This repository contains Python code for training a reinforcement learning agent to navigate a cellular flow. This accompanies the following publication: FluidFrame is a research framework for training and evaluating reinforcement learning agents navigating a cellular flow. It originated as companion code for the following publication:
Shruti Mishra, Michael Chang, Vamsi Spandan, Shmuel M. Rubinstein, A perspective on fluid mechanical environments for challenges in reinforcement learning (2025), in Finding the Frame workshop at the Reinforcement Learning Conference [OpenReview]. The framework is being developed beyond the original paper, with ongoing work on continuous environments.

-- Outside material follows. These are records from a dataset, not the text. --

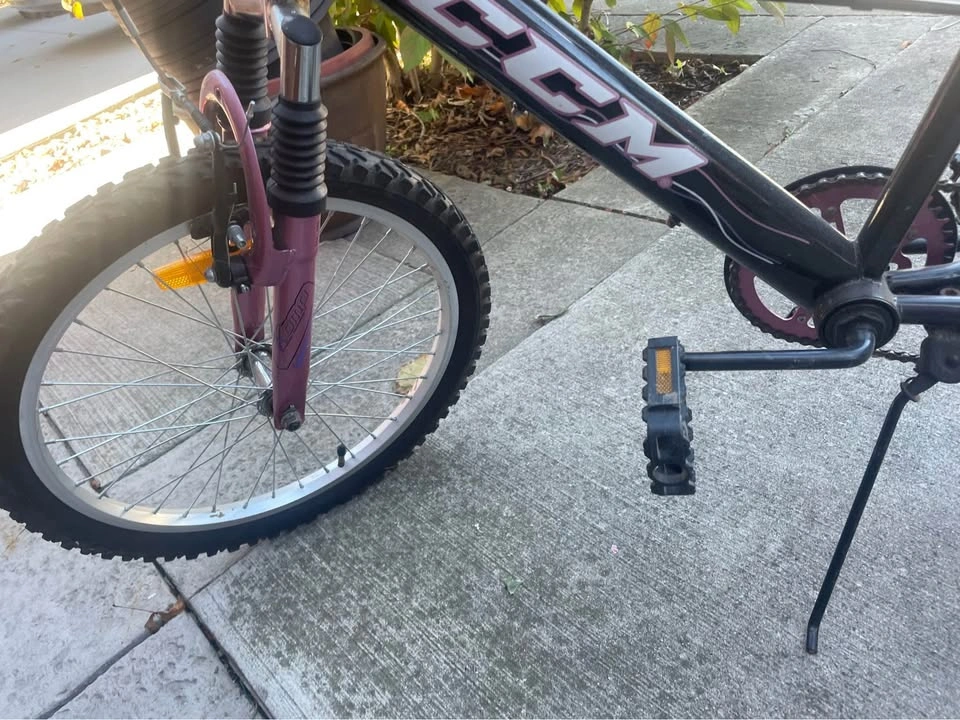 Kids 20" Tire Size 6 Gear Bike, Good Condition - photo 3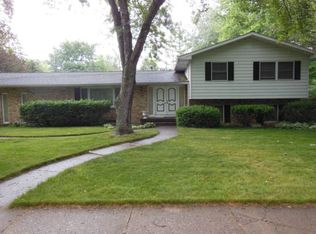 5200 Nakoma Dr, Midland, MI 48640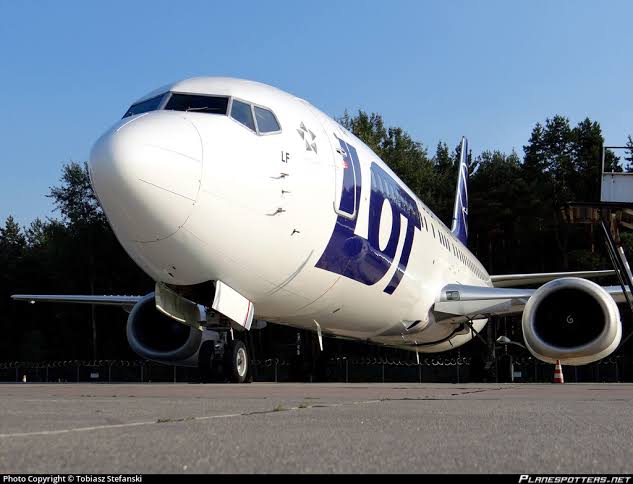 Wiadomości breaking: Drzwi samolotu LOT Polish Airlines otworzyły się w trakcie lotu… czterech pasażerów wyrwanych z samolotu.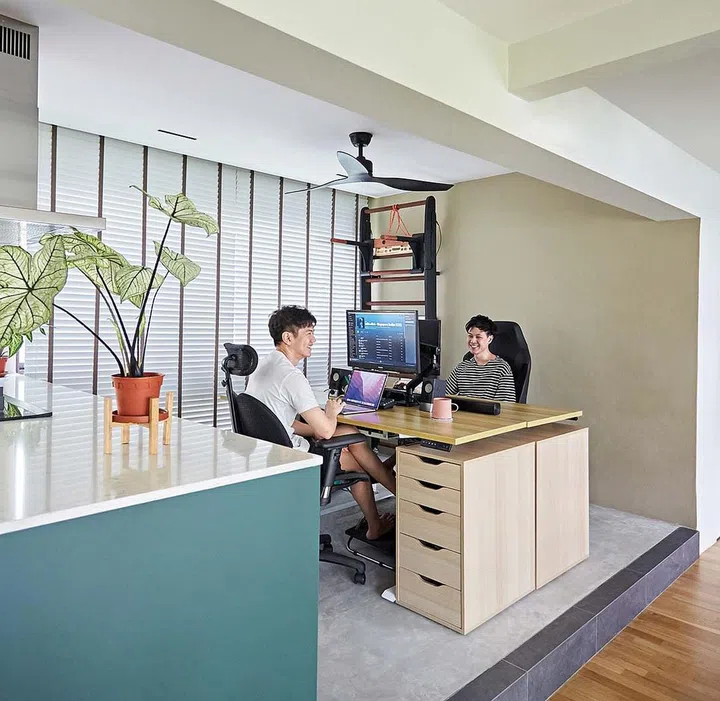 House Tour: Mid-Century Modern 3-Room Walk-Up Apartment nearby Newton Food Centre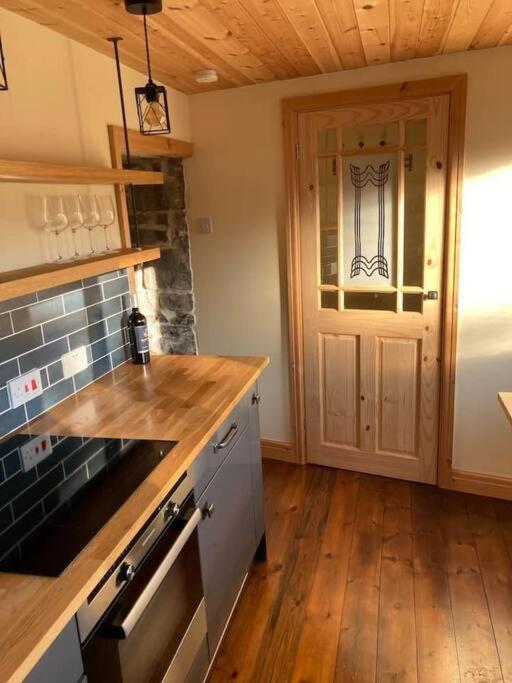 Ty Taf 2 Bed Cottage With Deck & Easy Transport Links Cardiff Eksteriør billede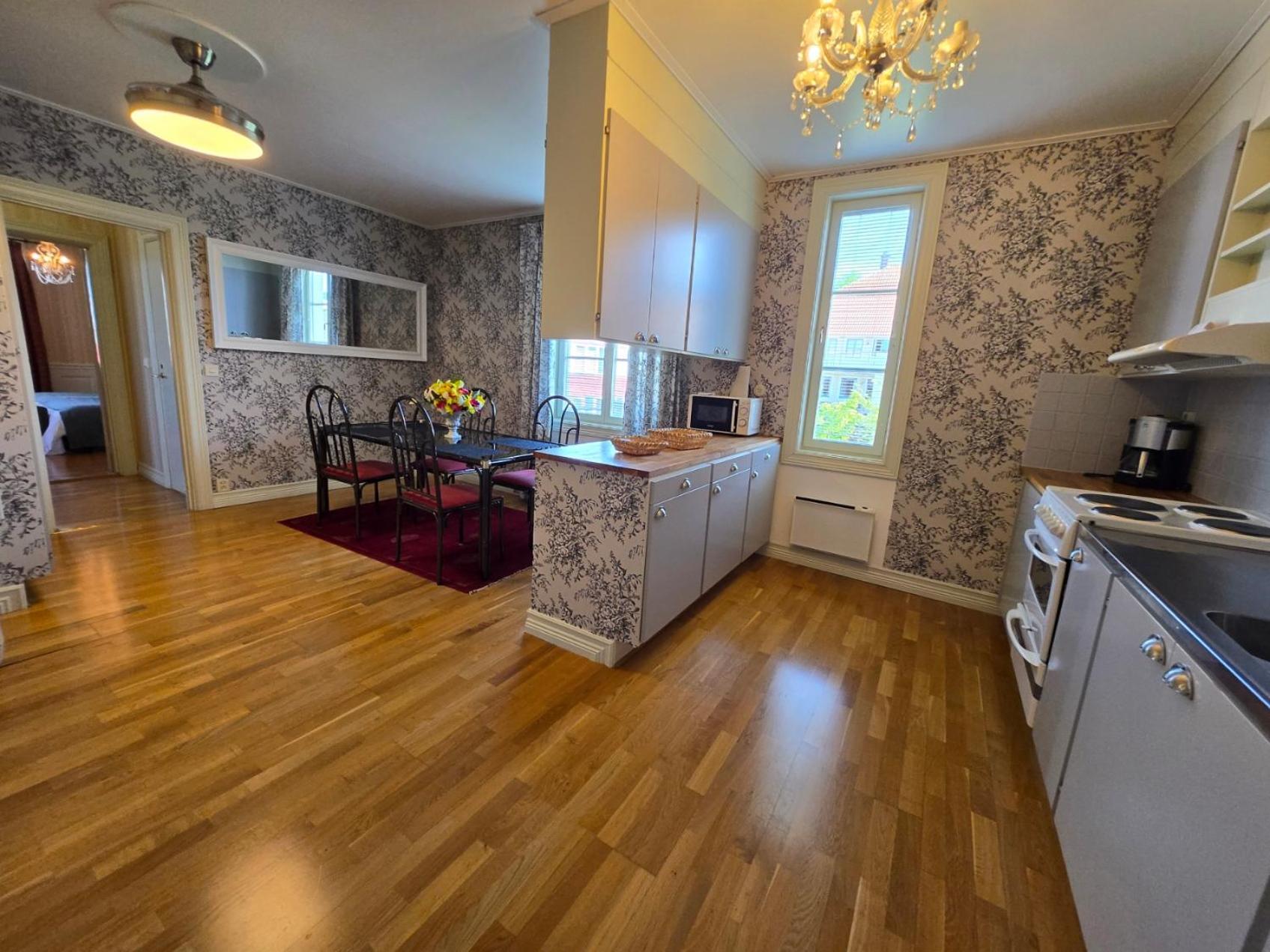 Vaenerport Lakefront Hotell Mariestad Dış mekan fotoğraf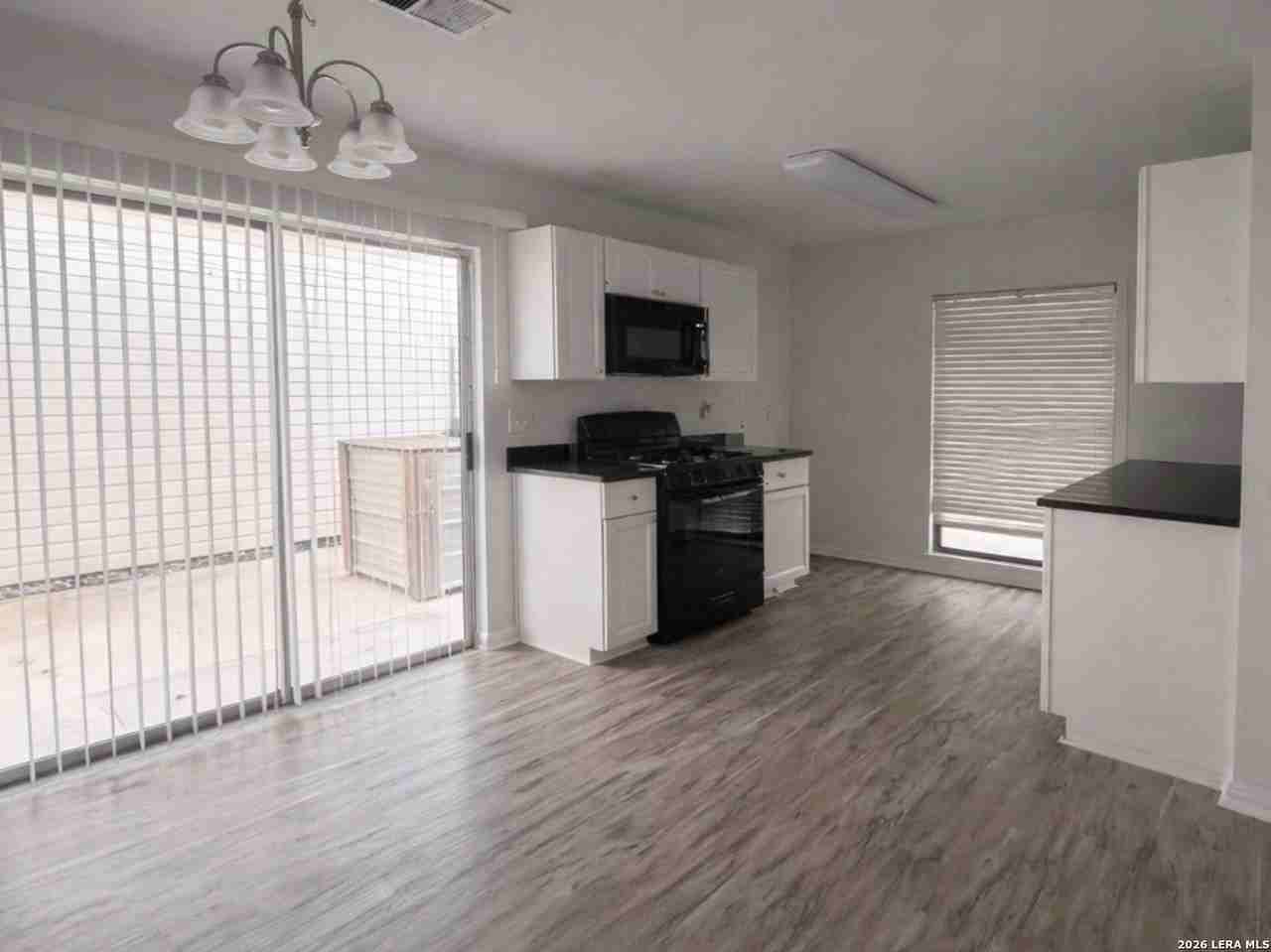 5905 Misty Gln - Photo 4 of 10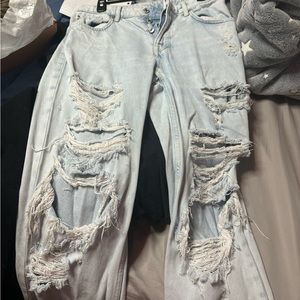 COPY - Distressed 90’s Boyfriend Jeans H&M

The implementation derives from the work of Colabrese et al. (2017) with the following differences:
- The swimmer advances in the environment using a forward Euler integration scheme, versus the Runge-Kutta method in Colabrese et al. (2017).
- The environment transitions are discretised using fixed timesteps, versus a new state being specified to the agent when the observation changes in Colabrese et al. (2017).
Figure 1: Plots of trained and naïve swimmers navigating through a cellular flow. The training is done using main.py, and the evaluation is done using eval.py.
With dedalus as a dependency for some environments in this repository, the installation guide uses conda. An example of the installation instructions is below:
$ conda create -n fluidframe_env python=3.13.7 # creates a virtual environment for the installation
$ conda activate fluidframe_env # activates the virtual environment
$ conda install -c conda-forge dedalus # installs dedalus
$ pip install tqdm
The installation has been tested on a MacOS environment. The code can be verified and run as follows:
$ pytest tests/.
The code generates the following example output:
➜ fluidframe git:(main) ✗ OMP_NUM_THREADS=1 python main.py --use-dedalus-environment
Using dedalus to specify flow variables ...
0%| | 0/5000 [00:00<?, ?it/s]
The policy is [1 0 3 1 0 3 1 1 3 0 0 0].
Episode 0 return: 22.267112542257625
.
.
.
Last episode return: 448.4741962995584
Policy: [2 2 1 1 1 1 1 1 1 0 0 1].
The swimmer speed and alignment timescale can be configured via the command line interface, e.g.
$ python main.py --swimmer-speed 0.3 --alignment-timescale 1.0
To save checkpoints into a folder checkpoints, the command mkdir checkpoints can be used from the root folder of the repository.
Burns, K.J., Vasil, G.M., Oishi, J.S., Lecoanet, D. and Brown, B.P., 2020. Dedalus: A flexible framework for numerical simulations with spectral methods. Physical Review Research, 2(2), p.023068.
Colabrese, S., Gustavsson, K., Celani, A. and Biferale, L., 2017. Flow navigation by smart microswimmers via reinforcement learning. Physical Review Letters, 118(15), p.158004.
Mishra, S., Chang, M., Arza, V.S. and Rubinstein, S., 2025. A perspective on fluid mechanical environments for challenges in reinforcement learning. In Finding the Frame Workshop at the Reinforcement Learning Conference.